> _WORK TASK_
Skip the pictures, please, and write out exactly the lines from the opening of the data through the line containing "Vỏ bảo vệ YRBWD, Tai".

┌────────

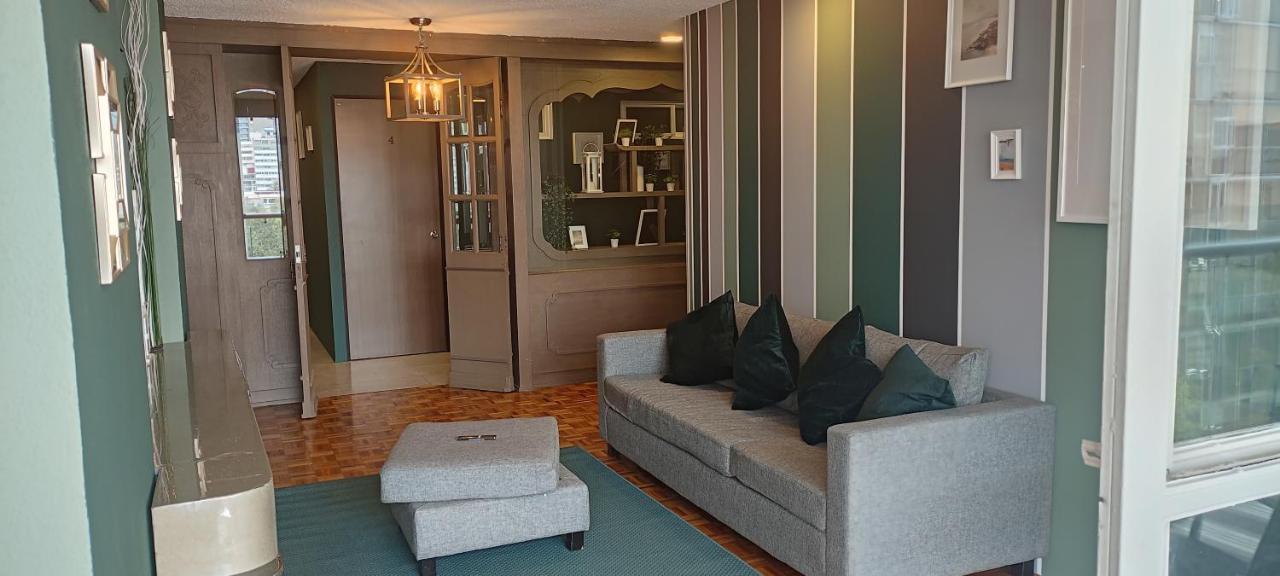Allegro Polanco Mexico City Ngoại thất bức ảnh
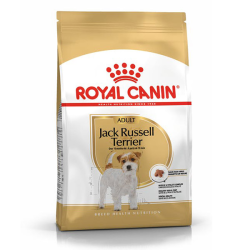 Royal Canin Jack Russell Terrier Adult 3kg|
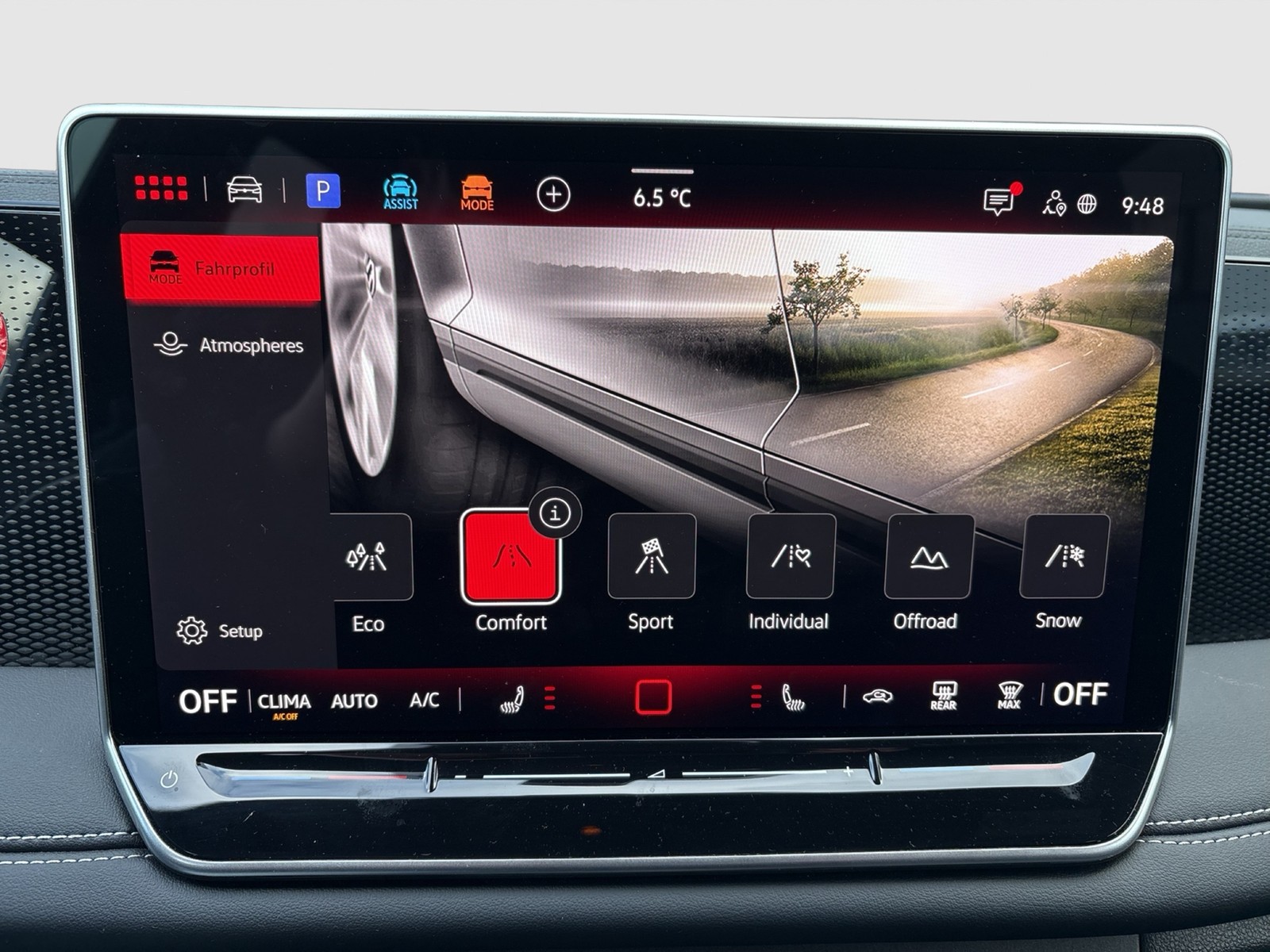 Volkswagen Tiguan 2.0 GOAL 4X4 360CAM ACC EKLAPPE LED+ NAVI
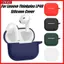 Vỏ bảo vệ YRBWD, Tai nghe chống rơi chống bụi, Tay bảo vệ silicon mềm chống sốc di động cho Thinkplus LP40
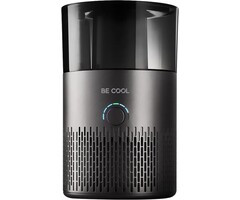Humidificateur d'air 5L Brume Chaude/Froide - Jusqu'à -31%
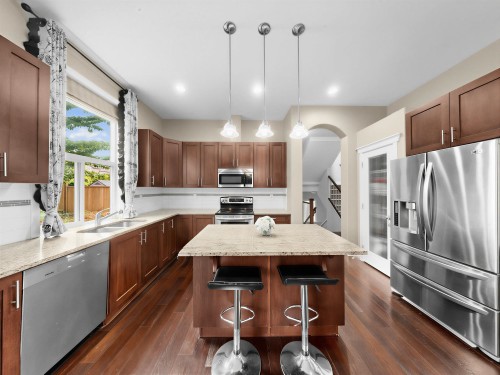 3415 Gislason Avenue, Coquitlam, BC 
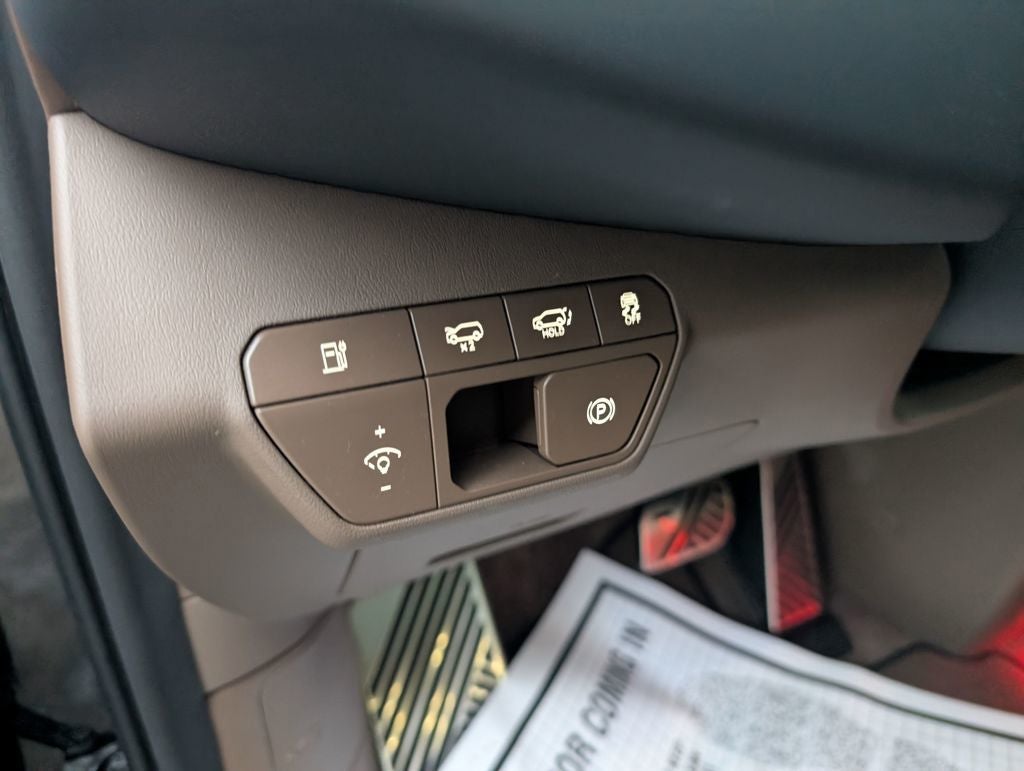 2024 Kia EV9 GT-Line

└────────

> _RESPONSE_
Allegro Polanco Mexico City Ngoại thất bức ảnh
 Royal Canin Jack Russell Terrier Adult 3kg|
 Volkswagen Tiguan 2.0 GOAL 4X4 360CAM ACC EKLAPPE LED+ NAVI
 Vỏ bảo vệ YRBWD, Tai nghe chống rơi chống bụi, Tay bảo vệ silicon mềm chống sốc di động cho Thinkplus LP40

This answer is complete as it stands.